İngiltere dünyanın en büyük ikinci silah satıcısı ve Suudi Arabistan ülkenin en sadık müşterilerinden biri. Bu da demek oluyor ki, Krallığın işlediği suçlara alet olan her mermi için İngiltere’yi de sorumlu tutmalıyız. Değişim için, İngiltere sınırları içinde de çaba göstermeliyiz.

Bu görevin büyüklüğü bizi ürkütebilir ve galibiyet imkânsız görünebilir fakat dünyada sayısız insan mücadeleye baş koymuş durumda. Gerek dini inançları, gerek siyasi görüşleri sebebiyle olsun, aktivistler dünyanın dört bir yanında ayağa kalkıyor ve harekete geçiyor.

Silah Ticareti Karşıtı Hareket (CAAT) kısa süre önce önemli bir başarıya imza attı. İngiliz Temyiz Mahkemesi, Suudilerin Yemen’de sivillere karşı kullandığı silahların İngiltere tarafından satılmasının hukuksuz olduğuna hükmetti. Diğer bir başarı da İşçi Partisi içindeki aktivisitlerin, iktidar partisinin İsrail ve Suudi Arabistan’a yönelik silah satışlarını durdurması gerektiği yönündeki önergesiydi.

Harekete geçersek değerlendirebileceğimiz farklı faaliyet alanları var. Baskıyı mümkün olduğunca fazla kanaldan, aynı anda kurmalıyız.

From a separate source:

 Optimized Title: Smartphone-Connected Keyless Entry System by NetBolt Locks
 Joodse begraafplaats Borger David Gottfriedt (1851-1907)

Tek bir şeyden emin olabiliriz: hangi stratejiyi benimsersek benimseyelim, kendi hükümetlerimiz, dini kurumlarımız ve kutsal görevlerimiz ile Suudi Arabistan Krallığı’nın yıkıcı ve ölümcül faaliyetleri arasından doğrudan bir bağ var.

Dolayısıyla vicdan sahibi insanlar olan biz Müslümanlara, elimizdeki tüm imkânları kullanma ve bu düzenin sürüp gitmesine engel olma görevi düşüyor.